And yet, as I said above, I am a fierce advocate for adoption because I so believe in it. And I believe in it because I’ve lived it. I believe in it because I’ve seen these children face to face. I’ve seen their suffering and the vacancy in their eyes. I’ve walked the halls of a silent orphanage. I’ve seen children starving, and I’ve seen children dying. I don’t believe I can “fix” my child. I don’t believe I need to, but I do believe God can heal her physically, mentally, and emotionally. I believe it’s a lifelong process. It’s a beautiful and sometimes, tragic process. It’s a road we walk daily. A journey I’m honored to be on as I see God transform my daughter, not in a single snap of His fingers, but in moment after moment, day after day of learning to trust and learning to live life in our family.
I never want to present our situation as any more or less than it is. There are those whose journeys have been much more tragic and heartbreaking than our own. There are those whose children seem to come out of horrible situations relatively unscathed given what they’ve lived. I don’t share everything. Not even close because I want to make sure that I protect my precious girl as much as possible. I want to fight for adoptions and family preservation and orphan care, and I want to share our daughter’s story. But I want to be sure I do it without setting my child up as the poster child for any of it. It’s a fine line to walk, and one I’m still learning.
I, also, never want to present myself as some sort of perfect savior. I’m far from it. I often say that I’m an ordinary person called to do extra-ordinary things by an extraordinary God. What I do want is for people to be aware. To be aware that it’s not perfect or easy, but our kids are so worthy. Not everyone is called to adopt, but we are all called to do something. Maybe, you can support adoptive parents through financial gifts, meals when they’re first home, a listening ear when they’re struggling. Maybe you can foster. Maybe you can provide respite. Maybe you can give to organizations that help these children. Maybe you can adopt.

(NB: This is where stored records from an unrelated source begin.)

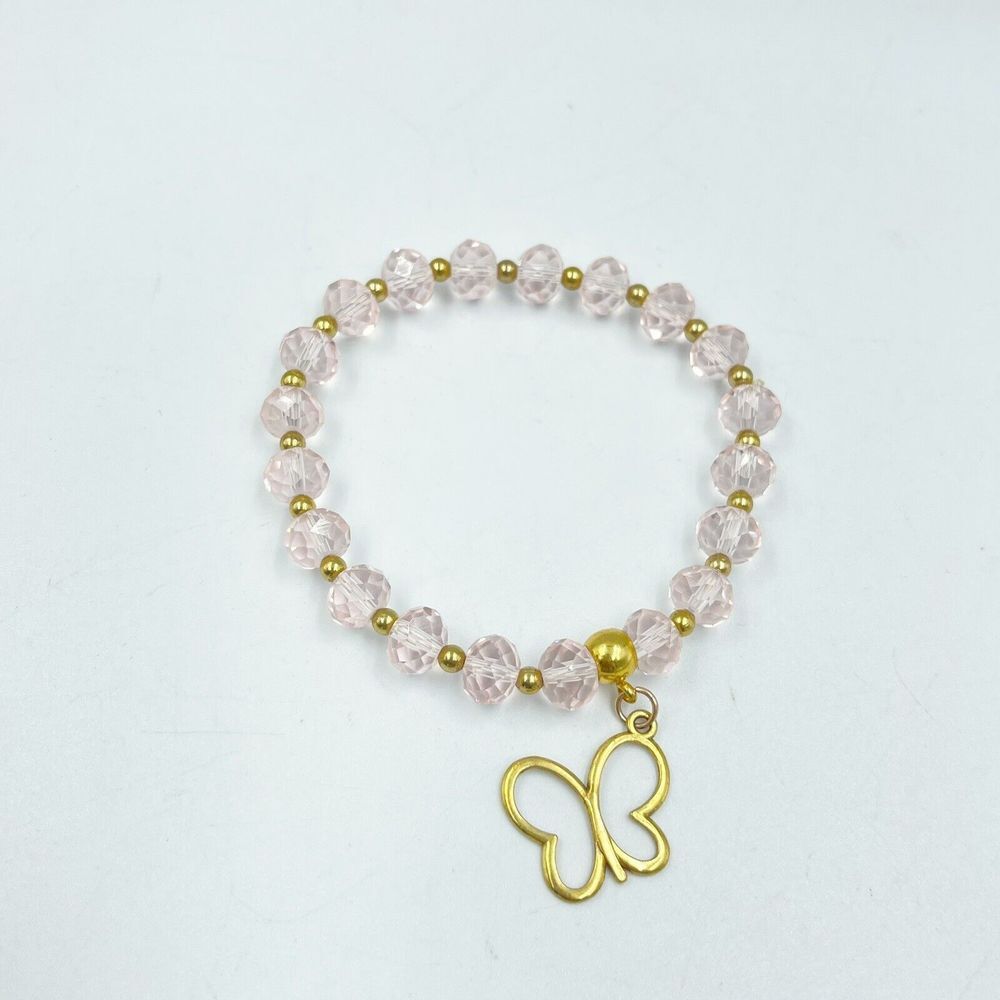 Women Pink Cristal Bracelet Beads With Metal Butterfly Gold Tone
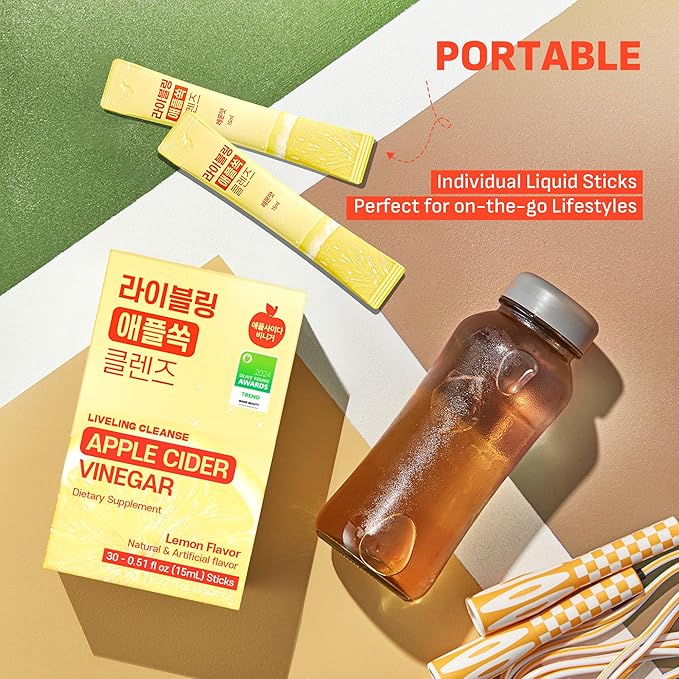 [Liveling] Apple Cider Vinegar Drink Stick ??Lemon Flavor | Supports Digestion, Daily Cleanse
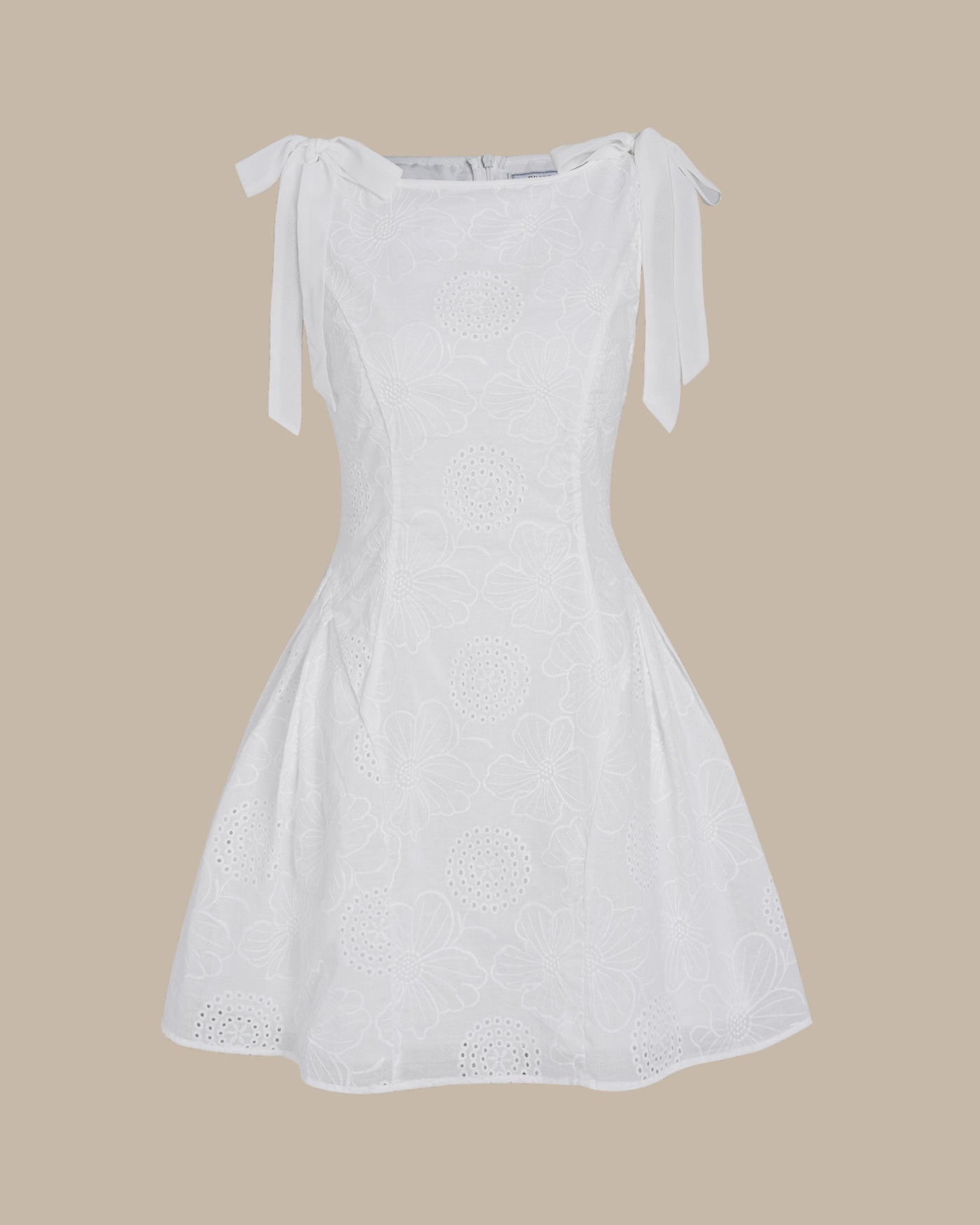 White Floral Textured Mini Dress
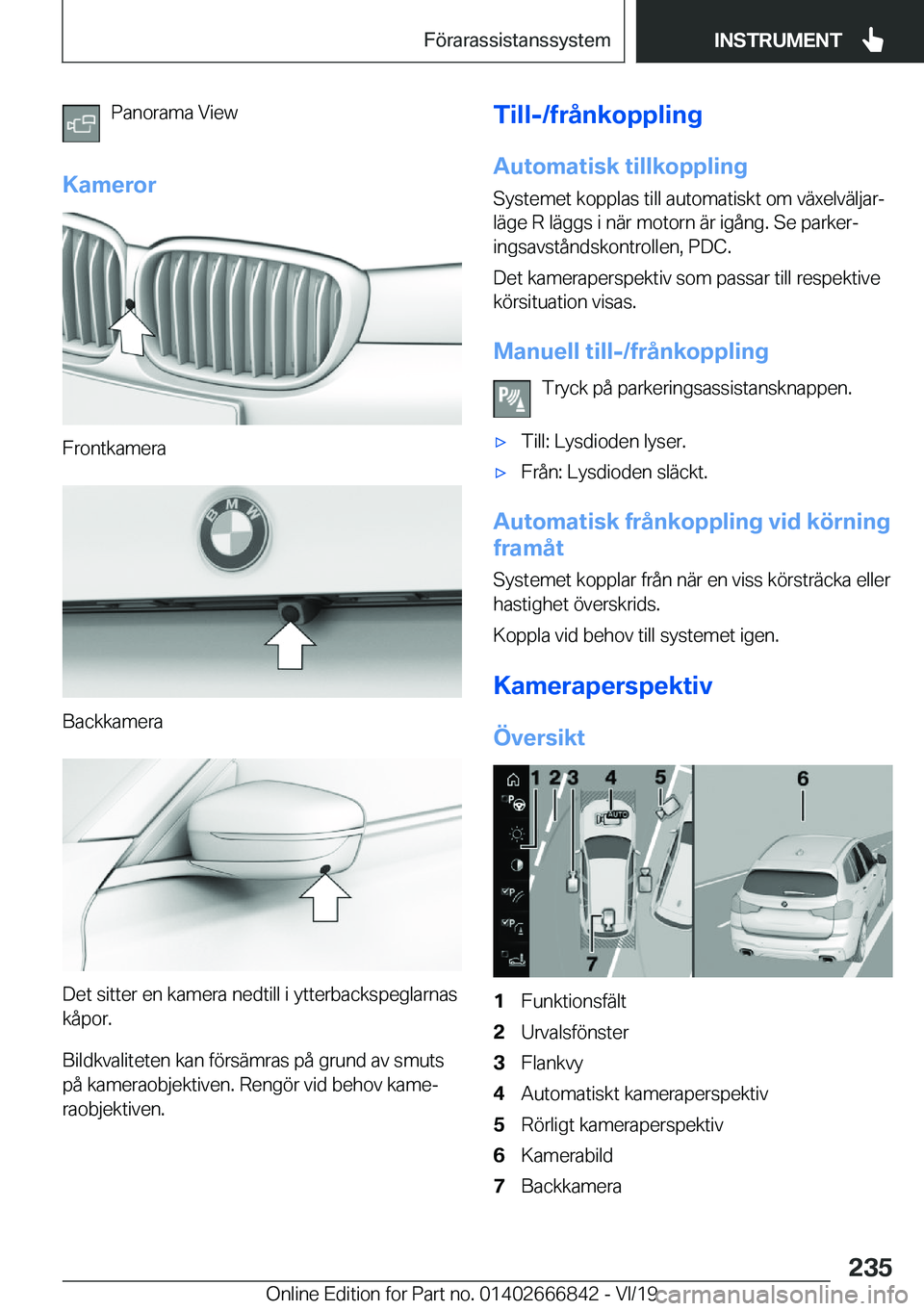 BMW X3 M 2020  InstruktionsbÖcker (in Swedish) �P�a�n�o�r�a�m�a��V�i�e�w
�K�a�m�e�r�o�r
�F�r�o�n�t�k�a�m�e�r�a
�B�a�c�k�k�a�m�e�r�a
�D�e�t��s�i�t�t�e�r��e�n��k�a�m�e�r�a��n�e�d�t�i�l�l��i��y�t�t�e�r�b�a�c�k�s�p�e�g�l�a�r�n�a�s �k�å�p�o�r�.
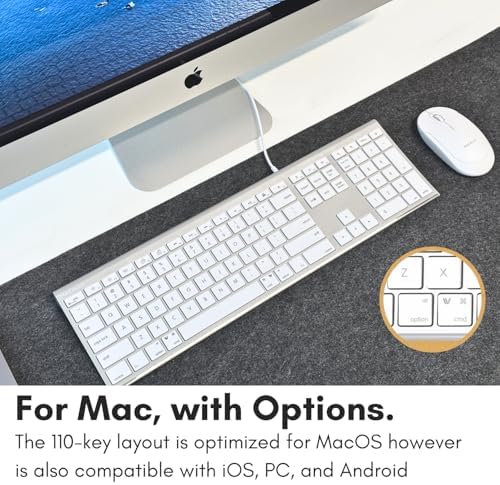 Elevate Your Mac Experience with the Macally USB C Keyboard – Ultra-Slim Wired Design with Dual USB A & C Connectivity, 110 Responsive Scissor Keys, and 20 Productivity Boosting Shortcuts for Mac Book Pro, Air, Mini, i Mac, and i Pad – Stylish Silver Finish for Enhanced Workspace Aesthetics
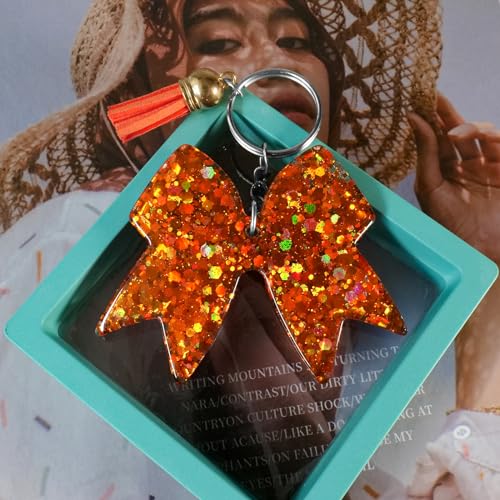 Glitter Cheer Bow Keychain - Cheer Charm Backpack Keychains - Girls Cheerleading Accessories - Cheer Gift for Cheerleaders and Team Members - Orange/2pcs3
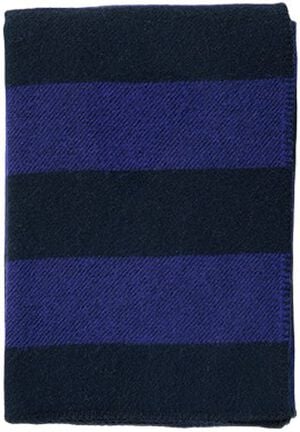 Uldplaid Unni stripe Clematis blue/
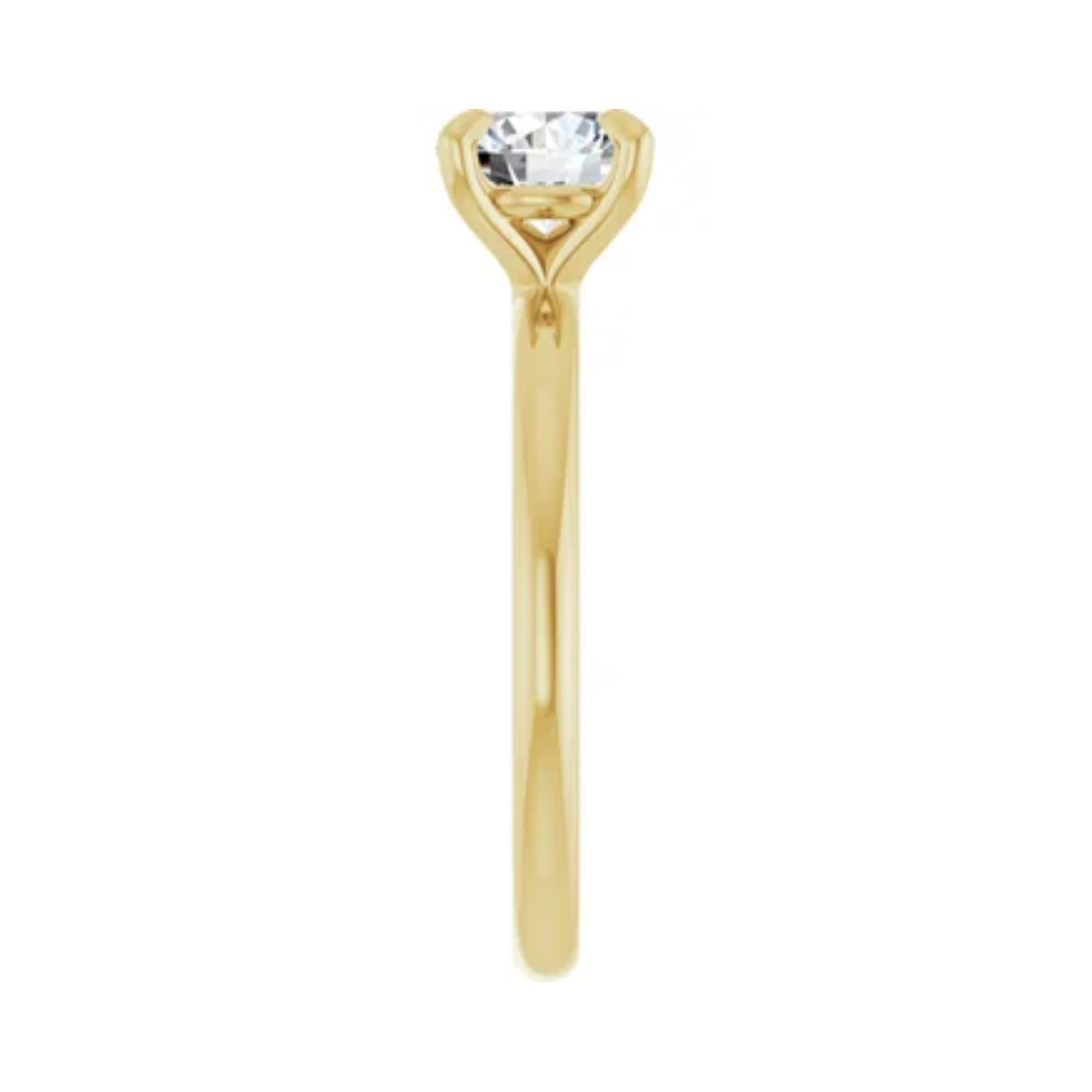 14K Yellow Gold Round 1CT. Lab-Grown Diamond Solitaire Engagement Ring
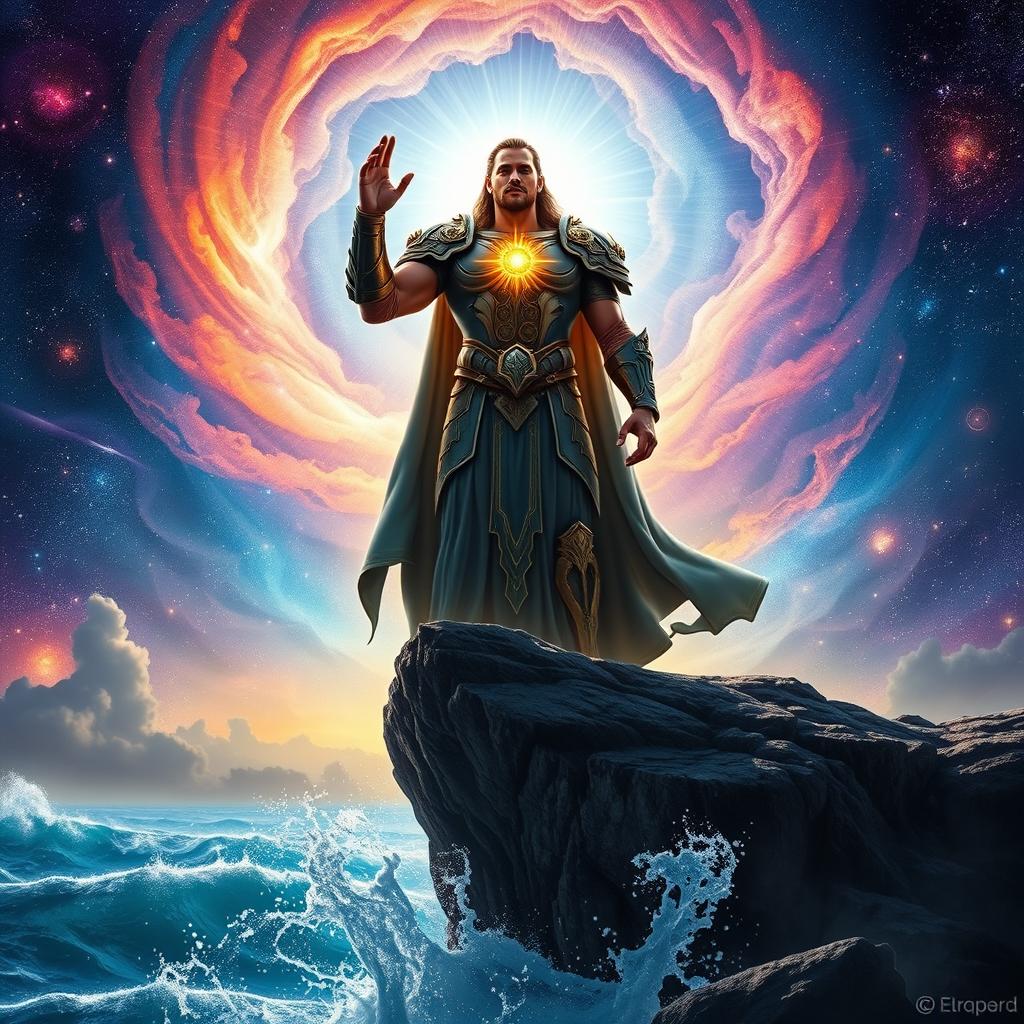 An epic scene depicting a powerful figure standing majestically on a cliff facing the cosmos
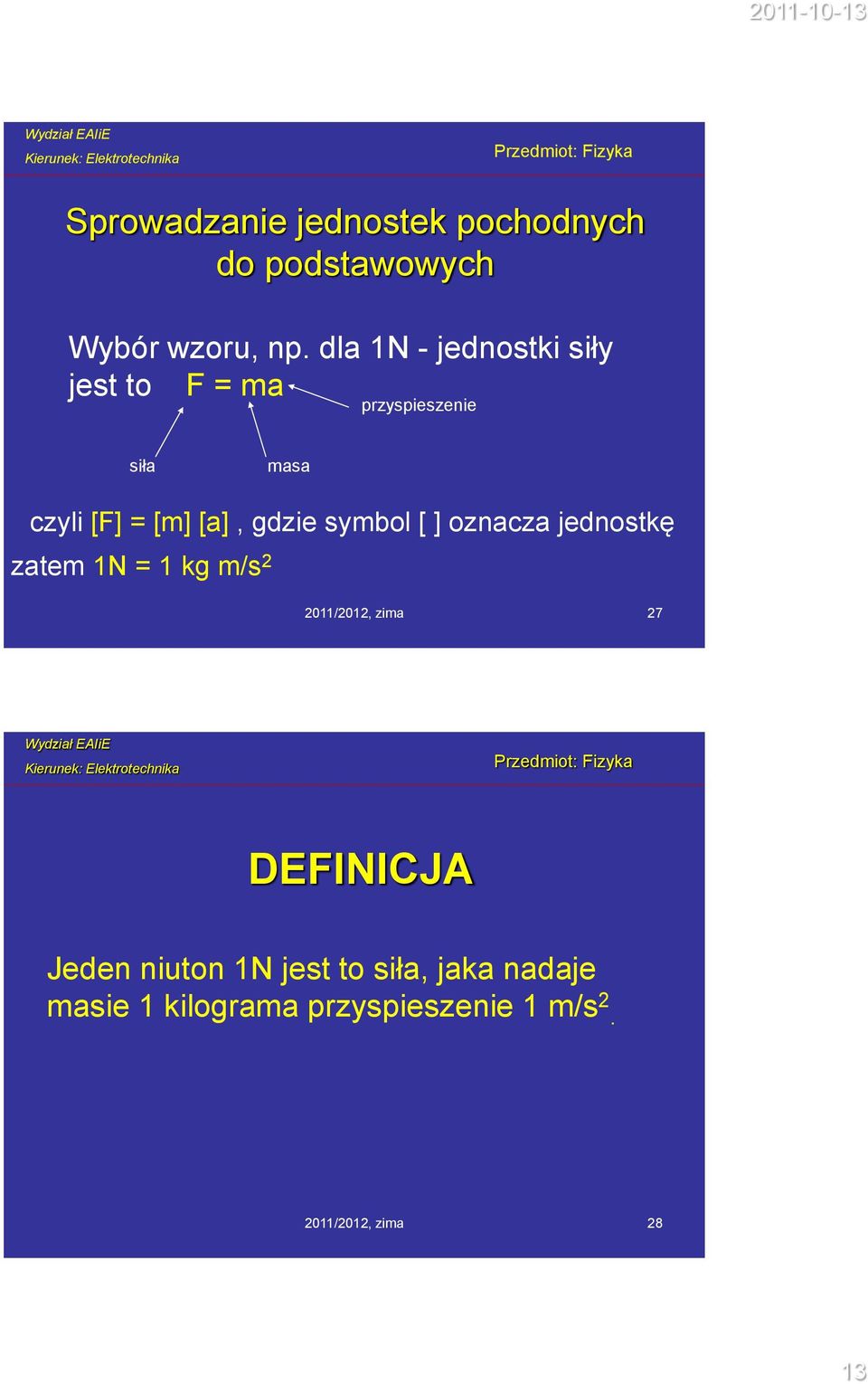 gdzie symbol [ ] oznacza jednostkę zatem 1N = 1 kg m/s 2 2011/2012, zima 27 DEFINICJA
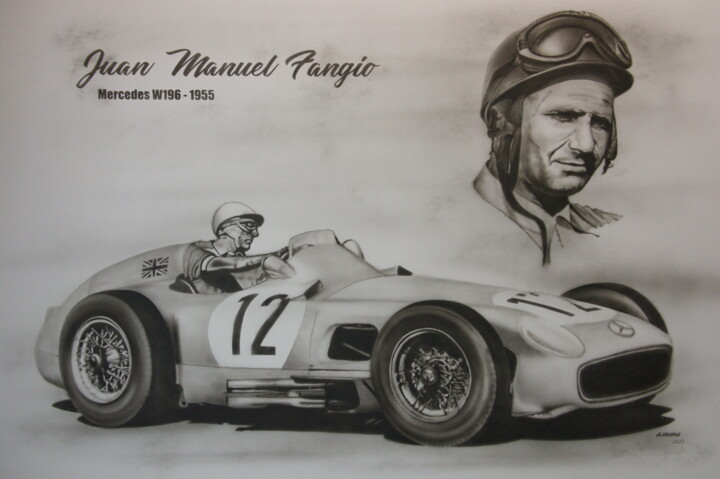 Schilderij getiteld "„Juan Manuel Fangio…" door Airbrush-Meckel, Origineel Kunstwerk, Airbrush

I’m going to wrap up this, unintentionally, long post by giving you three places, that I trust and believe in deeply, to which you can give financially if you feel so inclined. Next Tuesday is giving Tuesday, and I’m going to ask that you find some way to give back. It doesn’t have to be here. It doesn’t have to be with money. Just find some way to help these children around the world.
All God’s Children International – our adoption agency that also works to prevent families from being torn apart, provides for orphans, prepares those aging out for life outside the institution, places children in homes, and works to change policy in countries throughout the world.
Lost Sparrows – works to stop the flow of children into institutions. To help families care for their children as well as training caregivers to properly care for the kiddos that do come into care.
Trulight 127 Ministries – Trulight is a local ministry that works with foster children in our area. In addition to giving financially, which I know is always welcome, if you live in the Central Texas area there are always opportunities to serve and give in other ways as well.